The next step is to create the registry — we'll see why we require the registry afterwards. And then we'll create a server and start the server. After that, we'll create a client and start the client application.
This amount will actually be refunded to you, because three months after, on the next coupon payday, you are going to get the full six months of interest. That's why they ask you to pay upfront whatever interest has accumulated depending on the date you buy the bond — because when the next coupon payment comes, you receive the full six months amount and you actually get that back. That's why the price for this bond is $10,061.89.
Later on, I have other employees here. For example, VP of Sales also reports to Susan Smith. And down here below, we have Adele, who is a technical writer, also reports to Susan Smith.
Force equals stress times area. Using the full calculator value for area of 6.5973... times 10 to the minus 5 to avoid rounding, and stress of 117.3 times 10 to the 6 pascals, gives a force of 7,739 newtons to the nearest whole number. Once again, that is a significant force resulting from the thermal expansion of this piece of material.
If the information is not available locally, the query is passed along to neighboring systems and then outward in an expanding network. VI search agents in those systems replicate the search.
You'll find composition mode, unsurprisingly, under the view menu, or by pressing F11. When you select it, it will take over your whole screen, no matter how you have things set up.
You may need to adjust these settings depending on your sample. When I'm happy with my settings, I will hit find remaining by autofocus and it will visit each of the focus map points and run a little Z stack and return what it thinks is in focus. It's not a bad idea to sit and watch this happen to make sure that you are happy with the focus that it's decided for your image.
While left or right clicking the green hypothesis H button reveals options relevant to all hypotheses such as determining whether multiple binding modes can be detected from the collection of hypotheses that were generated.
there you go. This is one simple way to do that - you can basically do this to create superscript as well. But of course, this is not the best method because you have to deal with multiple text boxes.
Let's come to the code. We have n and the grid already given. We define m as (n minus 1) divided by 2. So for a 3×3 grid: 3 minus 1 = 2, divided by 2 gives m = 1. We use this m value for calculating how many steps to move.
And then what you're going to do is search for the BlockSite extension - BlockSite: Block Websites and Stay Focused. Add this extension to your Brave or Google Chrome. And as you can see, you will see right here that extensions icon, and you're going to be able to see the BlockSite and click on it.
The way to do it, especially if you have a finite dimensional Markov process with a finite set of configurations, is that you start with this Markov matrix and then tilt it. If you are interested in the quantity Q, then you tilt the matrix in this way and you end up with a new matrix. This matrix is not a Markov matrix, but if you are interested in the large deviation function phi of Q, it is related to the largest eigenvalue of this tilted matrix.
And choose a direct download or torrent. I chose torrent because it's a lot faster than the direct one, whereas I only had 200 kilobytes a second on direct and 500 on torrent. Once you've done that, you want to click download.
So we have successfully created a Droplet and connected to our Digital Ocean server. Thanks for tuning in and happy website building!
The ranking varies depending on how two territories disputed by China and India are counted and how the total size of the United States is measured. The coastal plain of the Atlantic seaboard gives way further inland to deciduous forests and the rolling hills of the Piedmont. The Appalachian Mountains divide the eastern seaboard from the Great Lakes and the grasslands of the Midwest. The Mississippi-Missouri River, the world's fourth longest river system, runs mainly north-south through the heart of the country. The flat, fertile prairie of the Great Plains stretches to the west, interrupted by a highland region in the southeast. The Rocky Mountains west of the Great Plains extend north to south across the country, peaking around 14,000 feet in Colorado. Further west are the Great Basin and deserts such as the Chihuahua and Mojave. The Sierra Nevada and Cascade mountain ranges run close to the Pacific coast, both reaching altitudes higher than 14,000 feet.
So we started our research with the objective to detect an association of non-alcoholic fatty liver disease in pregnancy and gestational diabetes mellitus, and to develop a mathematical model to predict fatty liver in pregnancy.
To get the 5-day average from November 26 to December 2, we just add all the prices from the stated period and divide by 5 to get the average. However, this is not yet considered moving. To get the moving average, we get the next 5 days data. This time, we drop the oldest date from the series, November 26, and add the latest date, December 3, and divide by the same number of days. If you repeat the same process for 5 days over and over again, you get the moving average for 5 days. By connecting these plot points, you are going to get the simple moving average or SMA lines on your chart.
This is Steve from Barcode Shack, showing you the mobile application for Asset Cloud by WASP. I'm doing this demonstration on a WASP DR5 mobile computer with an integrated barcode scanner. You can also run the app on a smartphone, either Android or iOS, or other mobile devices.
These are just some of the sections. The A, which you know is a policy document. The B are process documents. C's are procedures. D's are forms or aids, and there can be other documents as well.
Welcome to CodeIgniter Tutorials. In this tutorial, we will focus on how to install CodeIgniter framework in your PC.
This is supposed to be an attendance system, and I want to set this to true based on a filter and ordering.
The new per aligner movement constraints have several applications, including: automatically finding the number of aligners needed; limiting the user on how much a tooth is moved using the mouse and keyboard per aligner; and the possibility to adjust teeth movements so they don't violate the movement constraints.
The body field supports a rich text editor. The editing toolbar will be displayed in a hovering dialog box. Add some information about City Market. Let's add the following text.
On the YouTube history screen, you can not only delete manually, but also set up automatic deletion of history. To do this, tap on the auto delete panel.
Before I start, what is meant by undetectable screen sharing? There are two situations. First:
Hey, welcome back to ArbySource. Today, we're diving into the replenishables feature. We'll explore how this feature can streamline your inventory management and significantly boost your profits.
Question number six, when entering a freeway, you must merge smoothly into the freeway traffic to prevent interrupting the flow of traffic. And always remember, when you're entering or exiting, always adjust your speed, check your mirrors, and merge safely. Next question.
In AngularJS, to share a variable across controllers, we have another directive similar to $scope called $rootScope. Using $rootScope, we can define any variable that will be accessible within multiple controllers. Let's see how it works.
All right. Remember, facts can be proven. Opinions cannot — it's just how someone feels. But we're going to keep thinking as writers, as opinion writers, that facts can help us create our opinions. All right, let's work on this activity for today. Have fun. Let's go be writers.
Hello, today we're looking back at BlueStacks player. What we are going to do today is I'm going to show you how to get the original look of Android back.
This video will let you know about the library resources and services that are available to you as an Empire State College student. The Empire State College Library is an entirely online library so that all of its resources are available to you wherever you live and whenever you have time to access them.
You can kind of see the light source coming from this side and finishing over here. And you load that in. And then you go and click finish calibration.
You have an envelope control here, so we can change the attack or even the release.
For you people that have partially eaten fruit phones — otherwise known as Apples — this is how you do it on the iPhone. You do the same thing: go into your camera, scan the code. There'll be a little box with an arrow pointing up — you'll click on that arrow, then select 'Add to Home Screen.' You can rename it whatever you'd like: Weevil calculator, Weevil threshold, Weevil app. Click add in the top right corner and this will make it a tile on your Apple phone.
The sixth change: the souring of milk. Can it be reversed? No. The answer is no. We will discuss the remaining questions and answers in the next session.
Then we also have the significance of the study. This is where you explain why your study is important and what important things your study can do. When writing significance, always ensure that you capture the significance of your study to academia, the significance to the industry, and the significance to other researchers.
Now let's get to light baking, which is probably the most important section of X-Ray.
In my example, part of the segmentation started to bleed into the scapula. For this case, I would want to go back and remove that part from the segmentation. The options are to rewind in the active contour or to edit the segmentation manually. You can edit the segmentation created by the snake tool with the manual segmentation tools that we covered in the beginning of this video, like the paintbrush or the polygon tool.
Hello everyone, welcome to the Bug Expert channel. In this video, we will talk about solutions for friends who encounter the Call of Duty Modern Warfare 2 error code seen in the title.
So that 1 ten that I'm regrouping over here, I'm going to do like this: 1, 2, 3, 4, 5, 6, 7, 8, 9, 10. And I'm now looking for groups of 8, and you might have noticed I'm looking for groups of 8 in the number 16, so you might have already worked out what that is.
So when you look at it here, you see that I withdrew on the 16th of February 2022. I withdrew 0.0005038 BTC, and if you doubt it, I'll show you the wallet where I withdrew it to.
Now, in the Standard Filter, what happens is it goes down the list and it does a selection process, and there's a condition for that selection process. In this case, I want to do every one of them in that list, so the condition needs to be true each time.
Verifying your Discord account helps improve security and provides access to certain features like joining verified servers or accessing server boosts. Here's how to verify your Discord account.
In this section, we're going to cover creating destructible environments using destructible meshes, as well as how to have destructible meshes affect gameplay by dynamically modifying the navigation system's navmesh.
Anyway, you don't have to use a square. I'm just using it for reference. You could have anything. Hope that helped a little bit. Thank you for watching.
========
> EXERCISE AIM: In the entries above, take the line containing "Hello everyone, welcome" and each later line through the last, and repeat them exactly. Output nothing else.

> EXERCISE OUTPUT:
Hello everyone, welcome to the Bug Expert channel. In this video, we will talk about solutions for friends who encounter the Call of Duty Modern Warfare 2 error code seen in the title.
So that 1 ten that I'm regrouping over here, I'm going to do like this: 1, 2, 3, 4, 5, 6, 7, 8, 9, 10. And I'm now looking for groups of 8, and you might have noticed I'm looking for groups of 8 in the number 16, so you might have already worked out what that is.
So when you look at it here, you see that I withdrew on the 16th of February 2022. I withdrew 0.0005038 BTC, and if you doubt it, I'll show you the wallet where I withdrew it to.
Now, in the Standard Filter, what happens is it goes down the list and it does a selection process, and there's a condition for that selection process. In this case, I want to do every one of them in that list, so the condition needs to be true each time.
Verifying your Discord account helps improve security and provides access to certain features like joining verified servers or accessing server boosts. Here's how to verify your Discord account.
In this section, we're going to cover creating destructible environments using destructible meshes, as well as how to have destructible meshes affect gameplay by dynamically modifying the navigation system's navmesh.
Anyway, you don't have to use a square. I'm just using it for reference. You could have anything. Hope that helped a little bit. Thank you for watching.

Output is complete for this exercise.